One of the most common questions/challenges you face when you start working with Terraform are related to the way you organize the code. This article will present the three most common paters when managing Terraform code.
But first, let me offer some brief explanations in case you are unfamiliar with some of the terms.
Terraform is an infrastructure as a code (IAAC) tool that lets you define cloud and on-premise infrastructure.
Terraform Cloud – a managed service offered by HashiCorp (the company behind Terraform ). Among other things, this service includes remote state management, collaboration tools, version control, and secure access controls.
Terraform Workspaces – a feature of Terraform that allows you to create multiple environments to manage different infrastructure resources. In a few words: a collection of everything terraform needs to run – configuration files, variables, and state data.
There are two strategies for structuring repositories when working with Terraform: the Mono-Repo and the Multi-Repo.
On Multi Repo :
- You have a single repository that contains all the code
- It is referenced and shared by the whole team
On Multi Repo
- We have multiple repositories based on business domains or teams
- Modules are stored in individual repositories and references when needed.
- We can use Terraform Modules that reside in their repositories.
On the mono-repo strategy, we have two possible approaches: The “Workspaces per Folder” and the “Workspace per git branch.”
Workspace per Folder
You create a folder for each development stage in the Workspace per Folder approach (this is the one we used here and here). You will have a “devel” folder to keep the development infrastructure and a “production” folder to store the production code.
This approach is recommended when short-lived branches are constantly merged into the main one and with organizations with significant environmental differences.
The benefits of this method are that all infrastructures are in unique environments, and you have a single repository containing all infrastructure resources.
The downside of this mode is that you will have to promote changes between stages manually. For any change in infrastructure implemented and accepted in the devel environment, you will have to copy the code on the production environment manually.
Workspace per Git Branch
On the other hand, we will have a single repository on the “Workspace per Git Branch” approach, and each workspace will be tied to a development branch. So, for example, we will have two git branches: production and development, and a workspace for each of these branches.
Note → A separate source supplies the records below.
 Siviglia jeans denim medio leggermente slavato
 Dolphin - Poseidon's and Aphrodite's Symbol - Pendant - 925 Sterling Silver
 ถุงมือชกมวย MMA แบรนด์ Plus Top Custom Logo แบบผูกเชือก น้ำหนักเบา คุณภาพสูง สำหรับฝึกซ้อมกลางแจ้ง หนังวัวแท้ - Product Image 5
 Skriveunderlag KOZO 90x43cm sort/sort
The code will be structured as in the image below: a folder containing our modules and the main.tf, variables.tf, outputs.tf in the applications’ root.
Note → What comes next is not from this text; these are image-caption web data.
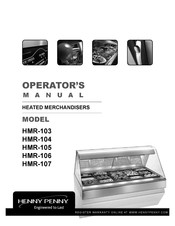 Henny Penny HMR-104 Operator's Manual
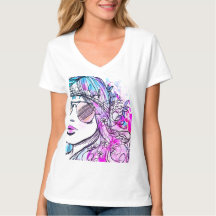 Sueños florales en retro hues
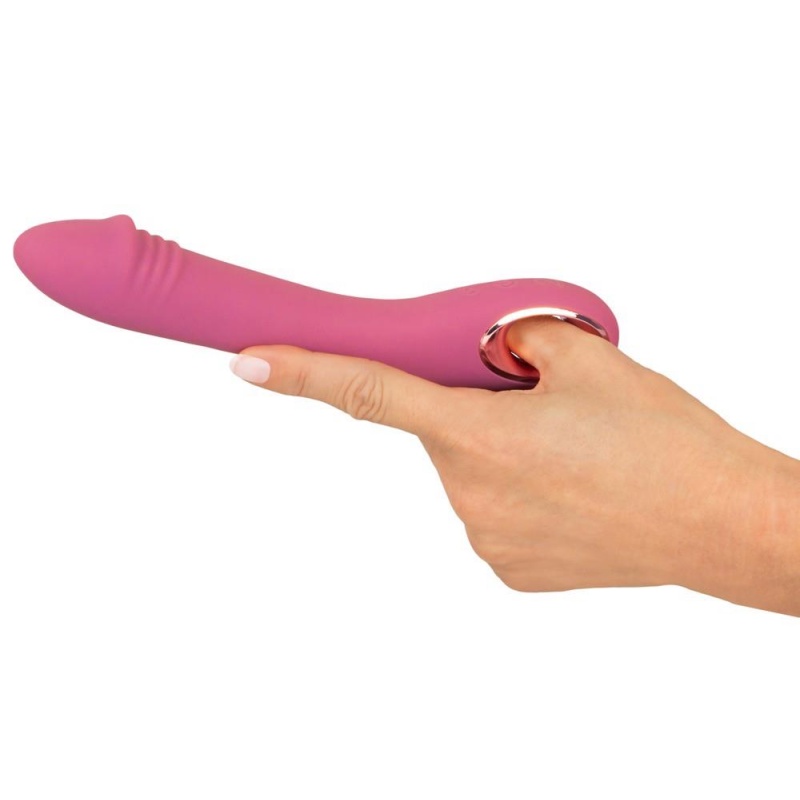 Wibrator do punktu G You2Toys Slim G-Spot Rose - elastyczny, wygięty trzon, 10 trybów, długość wprowadzenia 13,5 cm, średnica ma - 8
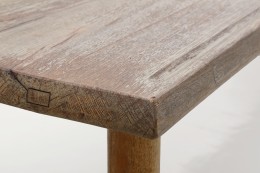 Charlotte Perriand's &quot;Table a gorge&quot; dining table, detailed view of table top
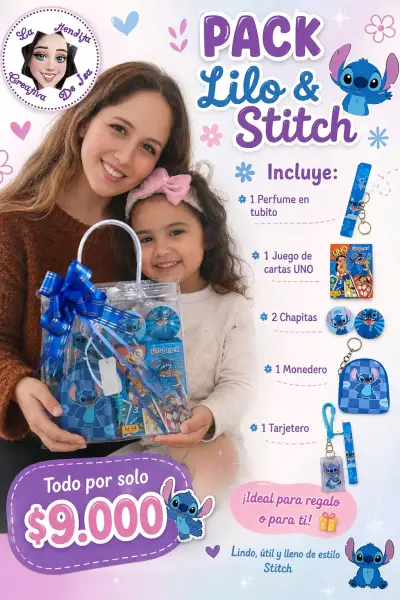 Pack Lilo & Stitch con accesorios variados - miniatura 1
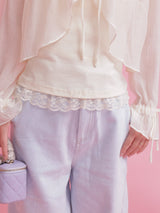 Sheer Blouse Set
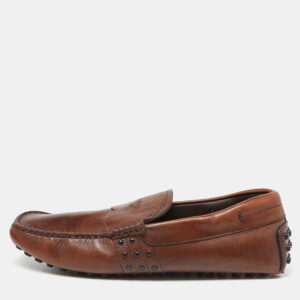 Tod's Brown Leather Penny Loafers Size 39.5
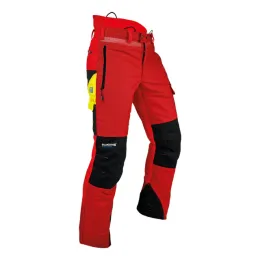 Schnittschutzbundhose Gladiator II, rot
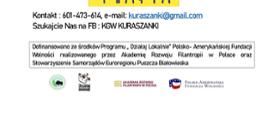 Plakat informacyjny dotyczący realizowanych zadań w projekcie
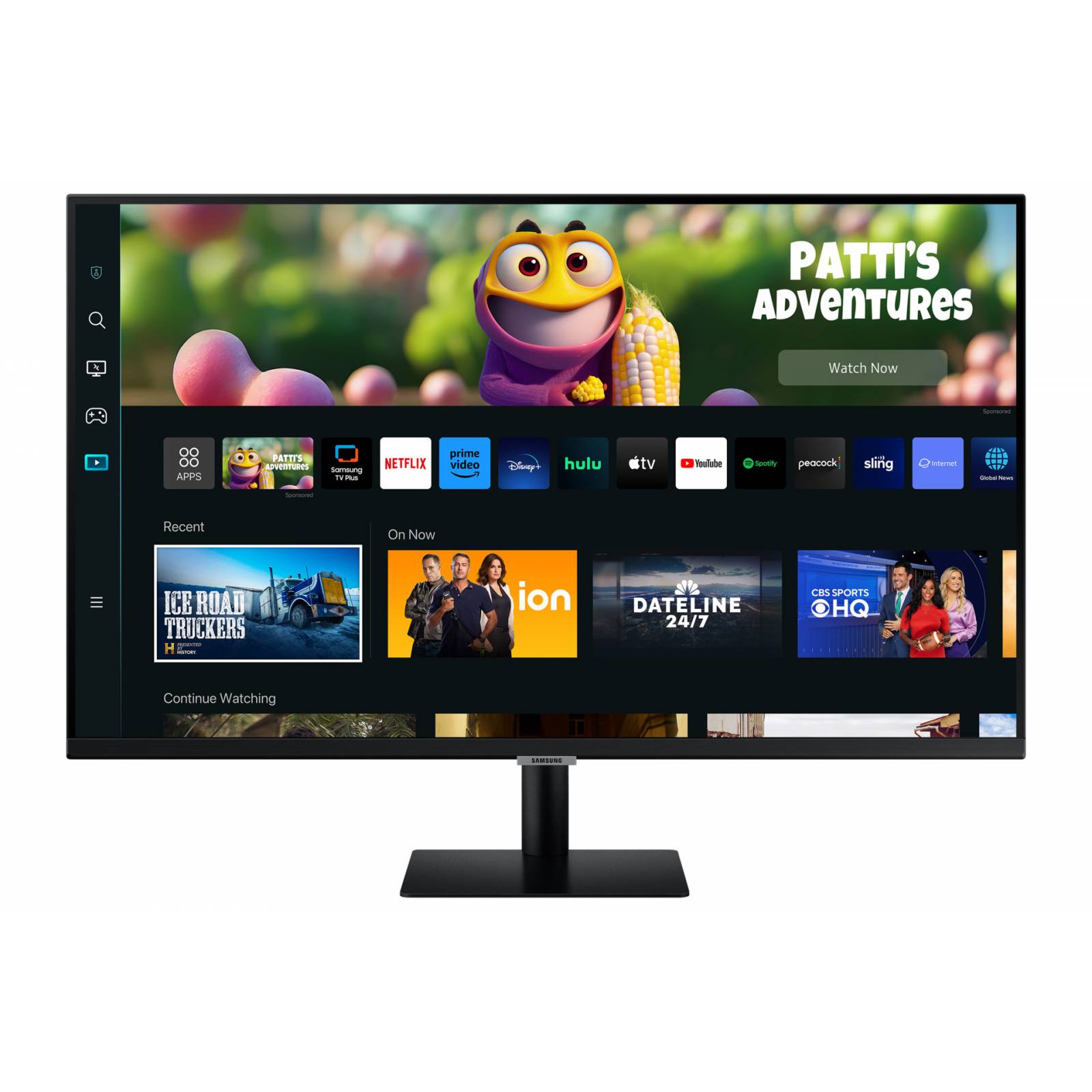 Monitor Plano 32  M5 con Experiencia Smart TV color Negro   Negro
Remember that we will not instantiate the workspaces locally with “terraform workspace new” but define those in the Terraform Cloud.
This approach works best for teams that work with long-running branches. Then, if you want to promote changes between different stages, you have to do a pull request and a merge.
When we create the Terraform workspace, we will tell TF Cloud to listen for changes only on a particular branch, and only if a change happens on that branch will it do the plan and apply.
The upside of this approach is that there are fewer files to maintain and plans to run.
The downside is that there is a chance for your branches to drift out of sync, and teams can cross-contaminate environments.
Now that we explained the theory behind the mono-repo patterns, you can do an actual implementation
In Terraform Cloud, create a new workspace and choose a “Version Control Flow.” Select Github as the version control provider and connect to your GitHub account.
Select the repository and open the “Advanced Options” Section
If you work with the “Workspace per Branch” pattern, fill in the VCS branch field.
If you work with the “Workspace per Folder” pattern, fill in the “Terraform Working Directory” field.
Save the settings, and you are ready to go. Terraform Cloud will detect any Github changes in the branch or folder and trigger your infrastructure deployment.
The Multi-Repo Pattern
The multi-repo is a pattern used on high-complexity projects where different teams manage different infrastructure parts. The transition to multi-repo starts with the modules: instead of keeping them in a single repository, we will remove them and host each module on its repository.
For example, you can have a network module, a compute one, and a security module. Each module will be maintained by its team and hosted in a separate repo.
That means our application can access these modules hosted in private registries through source argument.
This pattern works best for the organization with large teams where a team manages their repositories while different applications connect to those repositories and reuse the code.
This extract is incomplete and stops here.